10.11.2022 – Wie mit einem Power-to-Heat-System das Stromnetz stabilisiert werden kann, haben der Batteriespeicherhersteller Intilion und die Stadtwerke Bielefeld unter Beweis gestellt. Eine weitere Besonderheit: Das System wurde in einem Gebäude installiert.

Die Stadtwerke Bielefeld betreiben Windparks, solare Aufdachanlagen und PV-Freiflächensysteme. Weil sie die Schwankungen ihrer dezentralen Stromerzeuger ausgleichen wollten, haben sie bereits 2018 über den Bau eines Batteriespeichers im Megawattbereich nachgedacht. „Wir wollten das Konzept zunächst testen und haben daher in unserem Heizkraftwerksgebäude 476 Lithium-Ionen-Batteriezellen mit einer Kapazität von 110 Kilowattstunden aufgebaut“, berichtet Klaus Danwerth, der bei den Stadtwerken Bielefeld den Geschäftsbereich Erneuerbare Energien und Dezentrale Erzeugung leitet.
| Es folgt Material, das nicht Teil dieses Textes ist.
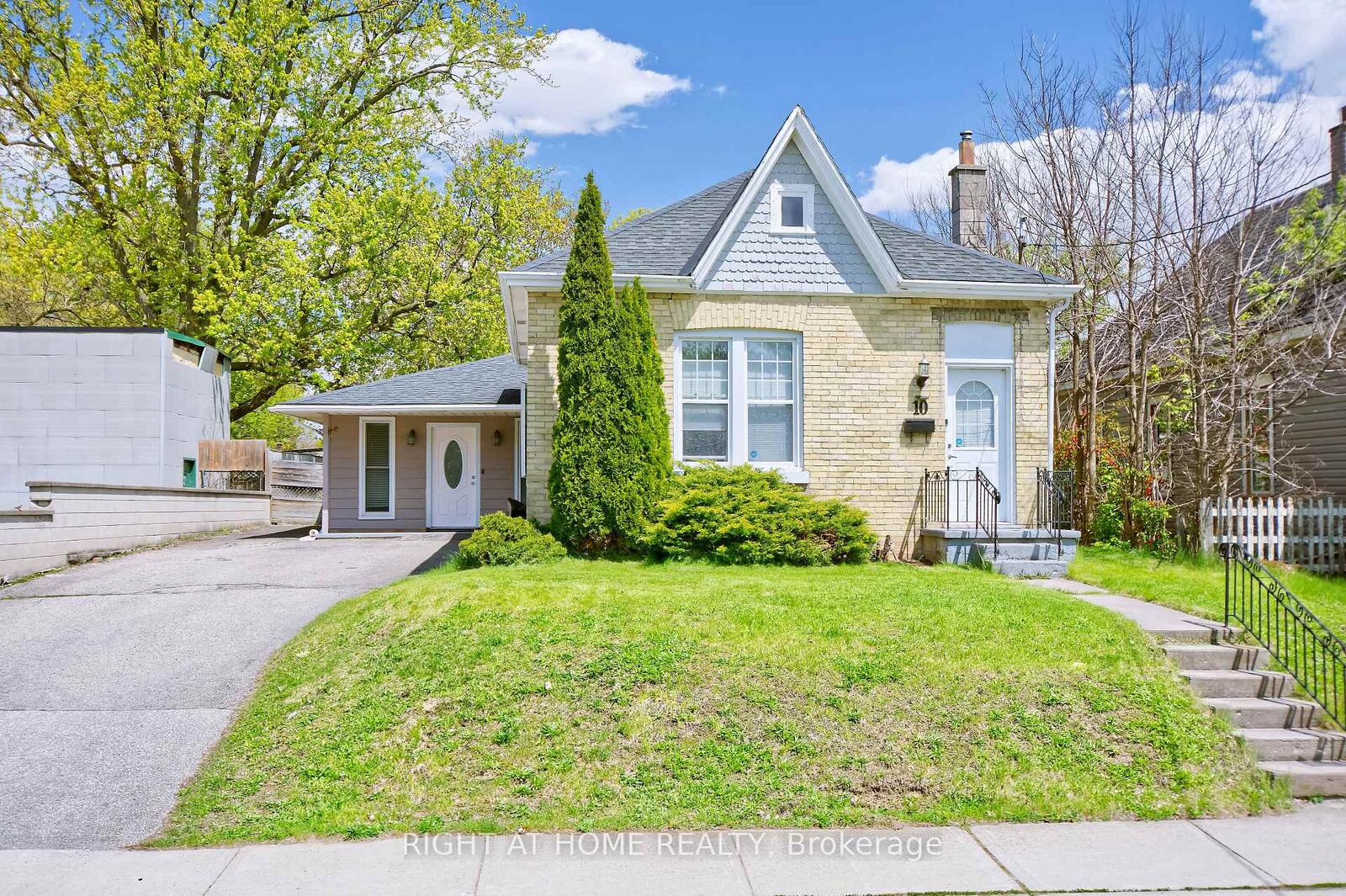 Property Photo: 10 Pegler Street ON N5Z 2B5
Den Test-Batteriespeicher haben die Stadtwerke unter Realbedingungen betrieben. Mithilfe eines digitalen Energiemanagementsystems konnte der Versorger die Funktionen des Speichers unter Extrembedingungen untersuchen und wichtige Erkenntnisse ableiten. „Die Tests haben ergeben, dass der Batteriespeicher bei unvorhergesehenen Verbrauchsschwankungen innerhalb von Millisekunden Strom in das Netz einspeisen oder aus diesem aufnehmen und speichern kann“, erklärt Danwerth. Ende 2020 schlossen er und sein Team die Tests erfolgreich ab und starteten mit dem Bau eines Megawatt-Stromspeichers. Der Batteriespeicherhersteller Intilion installierte das Gerät in den ehemaligen Räumen einer Schaltanlage des Heizkraftwerks. Im Februar 2021 ging der Hybridspeicher in Betrieb.

Der von Intilion gelieferte Hybridspeicher für die Stadtwerke Bielefeld umfasst mehr als 1.000 Batteriemodule. Foto: Intilion GmbH

Strom und Fernwärme erzeugen

Der Speicher kann in Kombination mit E-Heizern Wärme für das Fernheiznetz liefern und Regelenergie bereitstellen. Er besteht aus einem Batteriespeicher mit 1.008 Lithium-Ionen-Batteriemodulen, die zu einer großen Batterie verschaltet sind. Der zweite Anlagenteil umfasst zwölf Widerstandsheizer, die Wärme für das Fernwärmenetz erzeugen. Die Anbindung der Großbatterie sowie der Widerstandsheizer an das 6kV-Kraftwerksnetz erfolgte über drei Gießharztransformatoren mit einer Leistung von je 2,9 MVA.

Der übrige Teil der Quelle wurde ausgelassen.